** Opening Data excerpts block **

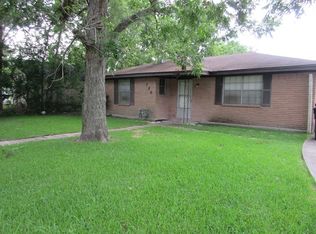 110 E Union St, Eagle Lake, TX 77434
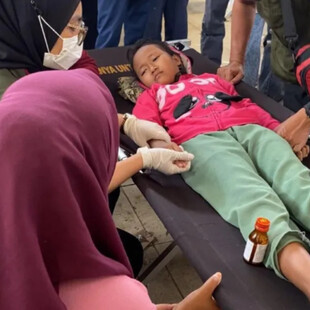 Ινδονησία: Πάνω από 1.000 μαθητές με τροφική δηλητηρίαση μετά από τα δωρεάν σχολικά γεύματα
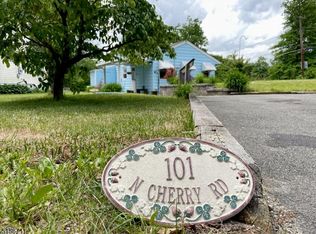 101 N Cherry Rd, Lake Hopatcong, NJ 07849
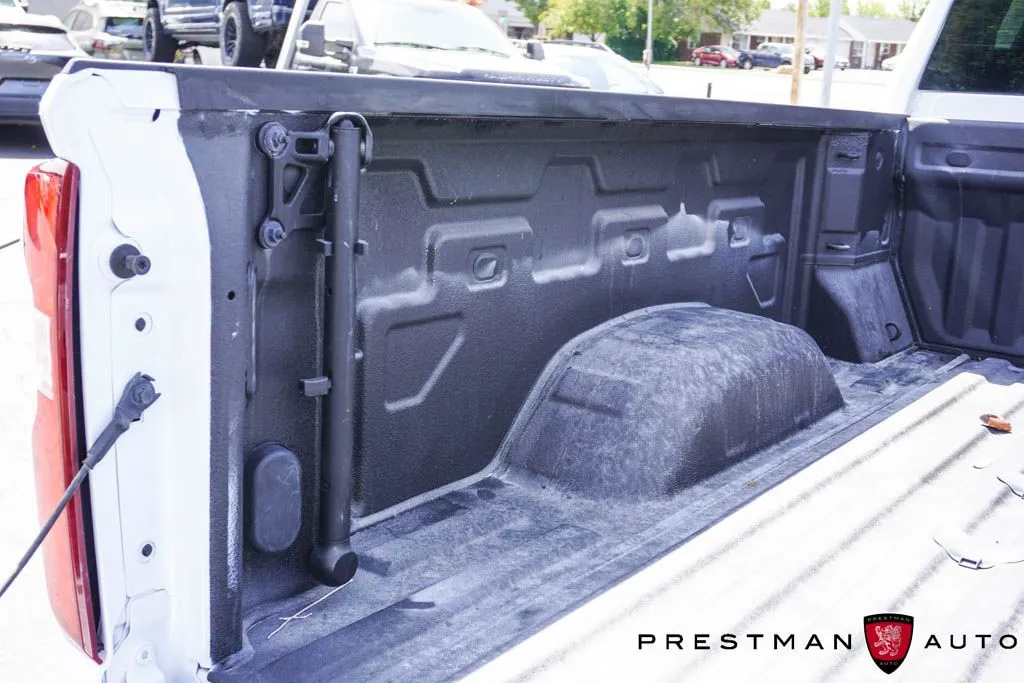 Chevrolet Silverado photo 23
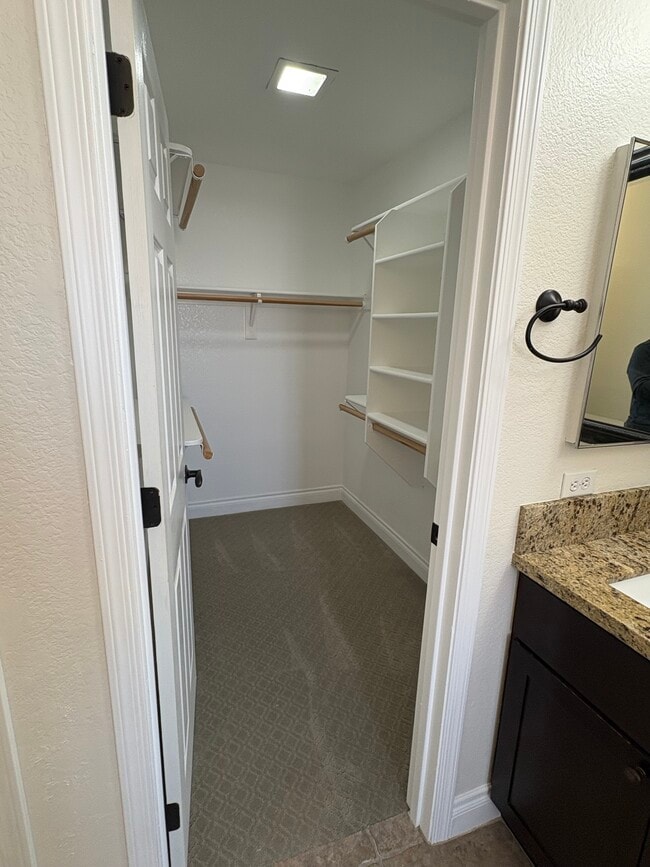 Building Photo - 7260 E Softwind Dr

** Closing Data excerpts block **

What you have to do ▸ Leave out every picture and copy, exactly as written, the lines from the one with "Chevrolet Silverado photo 23" through the end of the records above.

Exercise result ▸
 Chevrolet Silverado photo 23
 Building Photo - 7260 E Softwind Dr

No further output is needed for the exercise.